Good question. The answer is: we don’t really know. Companies don’t have strong or standard reporting requirements, so we don’t know how much businesses throw away, what they’re throwing away, how often, or where it’s going. Discovering this gap made me really passionate about wanting companies to develop more transparency and more accountability for their resource use.
So now FABSCRAP provides a snapshot of commercial textile waste in New York City, cumulatively in annual reports. And every brand that works with us gets a customized report: how much we collect, if it was reused, recycled, landfilled, and why – and the conversion to CO2 savings so these efforts can be immediately understood, marketable internally, and shared with shareholders and consumers.
What else does FABSCRAP do?
In New York, FABSCRAP runs a textile waste reducing service for the fashion industry, interior design, costumes departments for Broadway, and now TV/movie sets. Our volunteers, many of them design students, help sort incoming material for reuse and recycling. We make high-quality designer materials available at thrift store prices at our warehouse in Brooklyn and our new shop in Manhattan.
We’re working to reframe the conversation about textile waste and show that it is a commodity stream/resource more similar to glass or plastic or paper – and it needs, and increasingly demands, fully circular solutions. Companies pay our nonprofit for this service – which helps them to both internalize the costs of their waste and fund the infrastructure needed to solve it. So we are careful to use words like reuse and redistribute rather than donate.
Ultimately, we want to stop the waste before it happens, which means working alongside designers and companies. For example, there’s currently no recycling solution for spandex so making designers aware of this at the design phase is an important first step. We try to encourage designers and consumers alike to opt for natural fibers like cotton, linen, silk, wool, as opposed to synthetic fibers which are essentially plastics. We’re seeing some tech in development for ‘end of life’ circularity of certain fibers, and we try to share these updates too.
You’re adding 15 new brands to the service every month, how do they find you?
Almost everyone who introduces FABSCRAP to their company is not C-suite level. We’re hearing from people at all levels in the industry who are just doing their jobs, but with an openness to finding solutions and being part of a bigger shift. We see a lot of employee engagement and people acting as changemakers in their workplace – this is the new way change is happening, in fashion and other industries.
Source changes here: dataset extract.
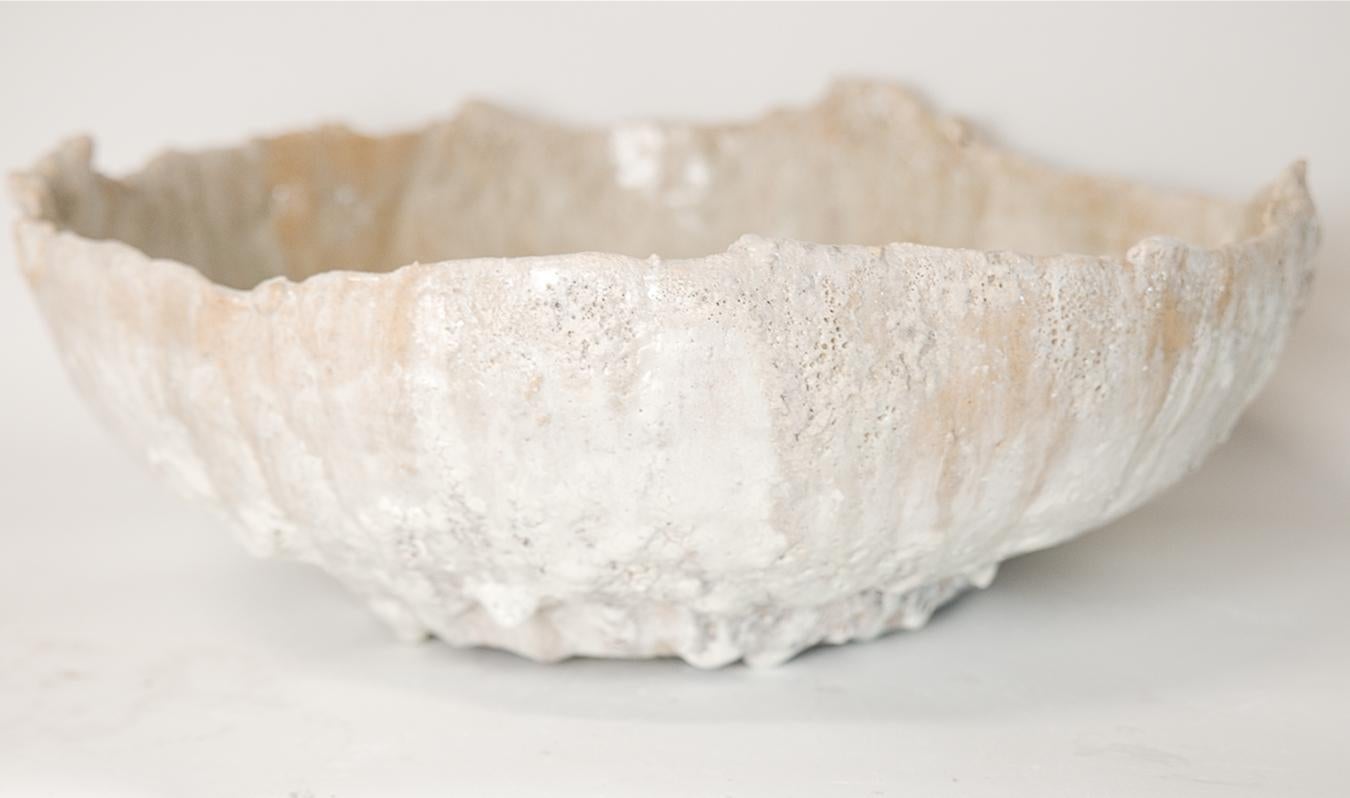 Discover the Relics Large Low Stoneware Planter Bowl, the perfect large sized bowl to use as a planter for orchids or other succulents on your table. This exquisite piece is handcrafted from stoneware clay and adorned with a matte off-white glaze,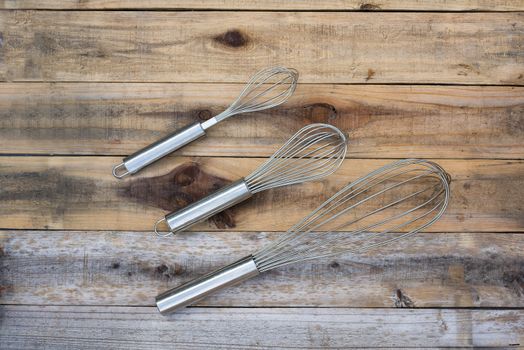 3 whisk different size on wood table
Why is now an important moment?
A few reasons. Many companies are still in the measuring and benchmarking phase – they want to understand more about inefficiencies in their current supply chain so they can make smart decisions. But they are ready to invest much more in sustainability. And on the consumer side, there’s growing demand, similar to the way that the organic food movement got traction and went from niche to mainstream. Sustainable fashion has a lot of similar aspects: what we wear everyday has implications for our health, resource use, and the rights of people and animals. And millennial shoppers and consumers are especially tuning in – they want to put their money behind brands that they see prioritizing the planet, people, and our future.